启挪开床板,拖出个樟木匣子,打开一看,里面是块青铜铸的令牌,上面刻着九条龙,龙鳞用朱砂填过,红得像血。“这是调兵的令牌,”大禹喘着气,“阳城的城墙,夯了三层土,能挡住十万兵。九州的贡赋册,在东厢房的陶罐里,谁欠了多少,记得清清楚楚。”

启的眼泪掉在令牌上,晕开一小片朱砂:“爹,您会好起来的。”

大禹笑了,笑得咳嗽起来:“我走后,伯益会按老规矩,在墓前守三年。可这天下……”他盯着启的眼睛,那眼神比当年治水时盯着溃口还狠,“不能交给只会读书的人。你得记住,洪水能淹死人,乱起来,比洪水更狠。”

启咬着牙点头,指甲掐进掌心,渗出血珠。

大禹下葬那天,雨下得跟当年治水时一样大。伯益穿着麻衣,跪在墓前,手里捧着大禹用过的耒耜,木头柄已经被汗水浸成了深褐色。他以为三年后,这天下自然是他的——毕竟,尧传舜、舜传禹,都是这么过来的。

可他没料到,启在这三年里,把各州的族长请了个遍。在冀州,他跟着族长们一起打猎,箭射穿了野猪的眼睛;在扬州,他赤着脚跳进泥塘,帮着收稻子,泥糊满了脸,只露出俩亮眼睛;在荆州,族长的小儿子得了急病,他连夜骑着快马,跑了一百里路请来大夫。

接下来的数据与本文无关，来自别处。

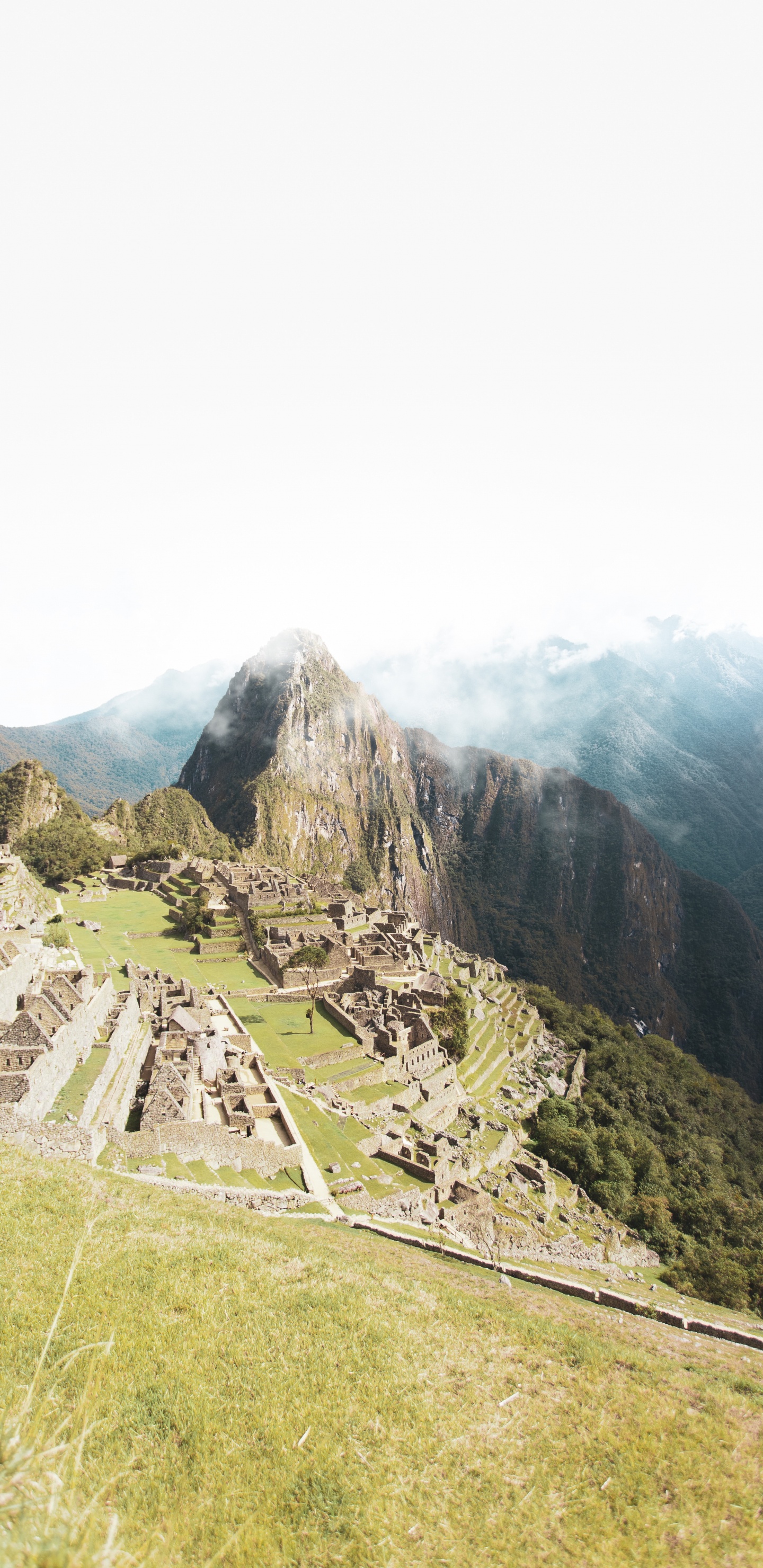 Обои здание, нагорье, горный перевал, горная станция, Альпы в разрешении 1440x2960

三年期满,伯益回到阳城,却见宫殿门口站着两排武士,铠甲上的铜片在太阳下闪得人睁不开眼。启坐在大殿中央的石座上,那石座是大禹让人凿的,边缘还留着凿子的痕迹。

“伯益先生,”启的声音不高,却透着股硬气,“我爹说,天下不是谁的礼物,是要扛在肩上的。这三年,你在墓前守着,我在九州跑着,你说,谁更该坐在这?”